▸ EXERCISE DESCRIPTION: Return the listing below unchanged, but without pictures.

[RECORDS FOR THIS EXERCISE — start]

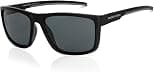 Vincent Chase Eyewear | Full Rim Sports Branded Latest And Stylish Sunglasses | Polarized And 100% Uv Protected | Men & Women | Vc S14122 - Amazon.ae Price Tracker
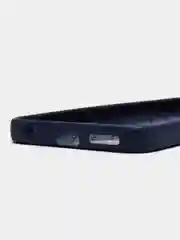 Темно-синий чехол TECNO SPARK 9 PRO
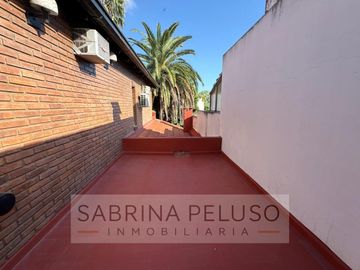 place photo 41
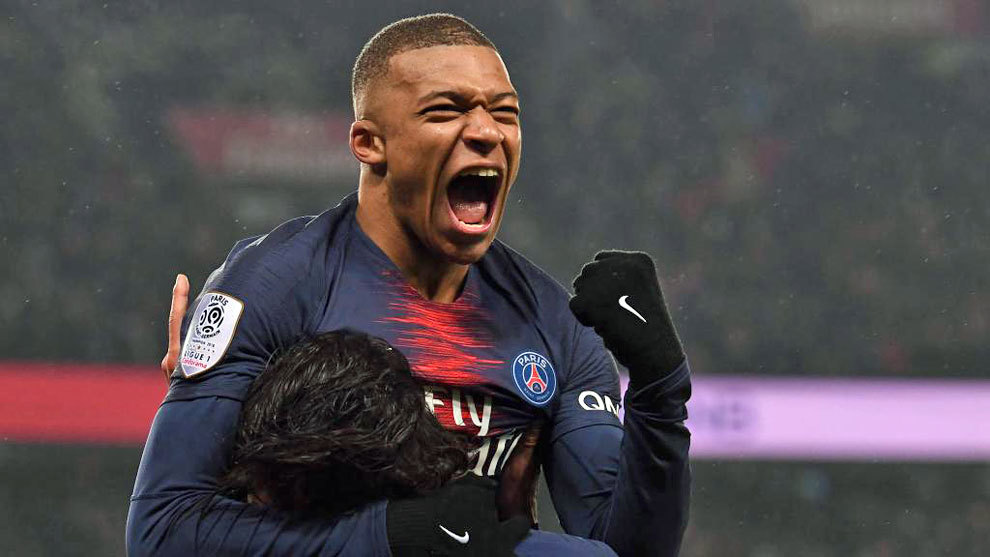 首周聚焦 首周聚焦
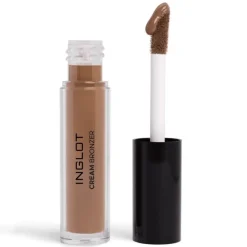 Bronzer w kremie 88 5ml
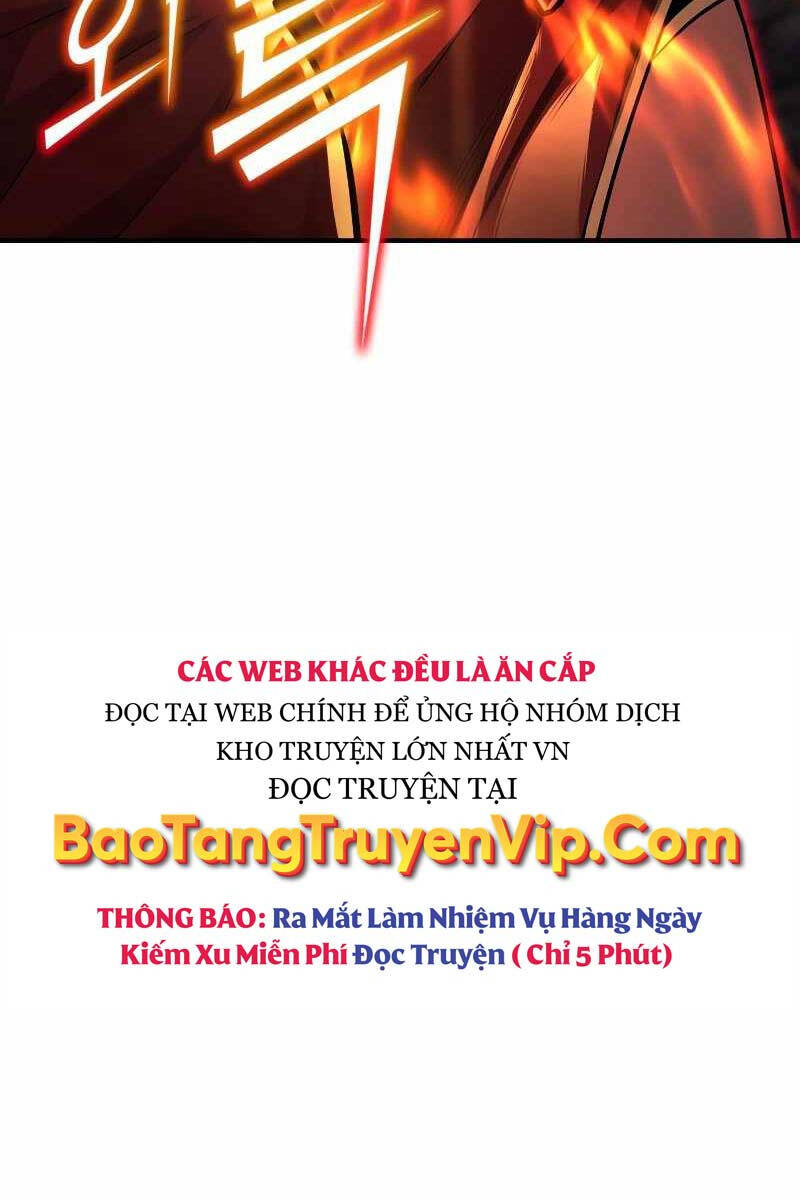 Bản Chất Của Chuyển Sinh Chap 90 - Next Chap 91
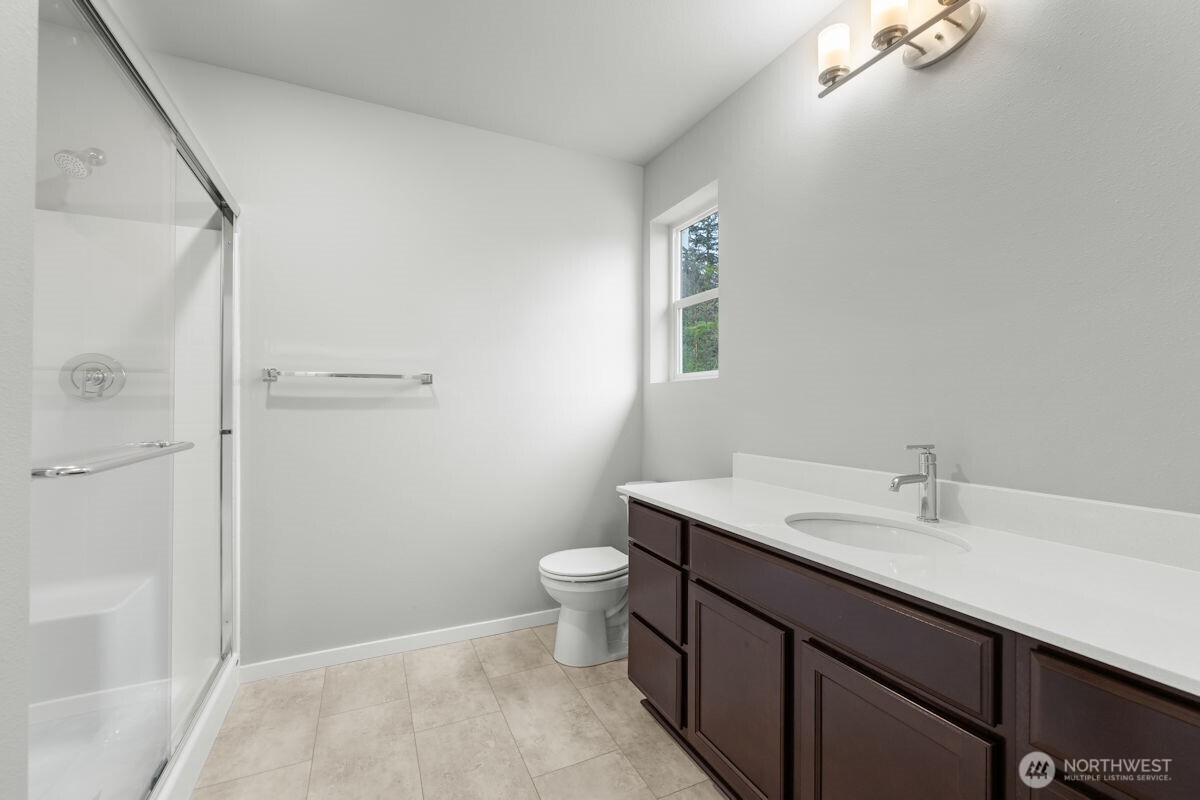 8119 108th Street NE Unit: 2A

[RECORDS FOR THIS EXERCISE — finish]

▸ TASK RESPONSE:
 Vincent Chase Eyewear | Full Rim Sports Branded Latest And Stylish Sunglasses | Polarized And 100% Uv Protected | Men & Women | Vc S14122 - Amazon.ae Price Tracker
 Темно-синий чехол TECNO SPARK 9 PRO
 place photo 41
 首周聚焦 首周聚焦
 Bronzer w kremie 88 5ml
 Bản Chất Của Chuyển Sinh Chap 90 - Next Chap 91
 8119 108th Street NE Unit: 2A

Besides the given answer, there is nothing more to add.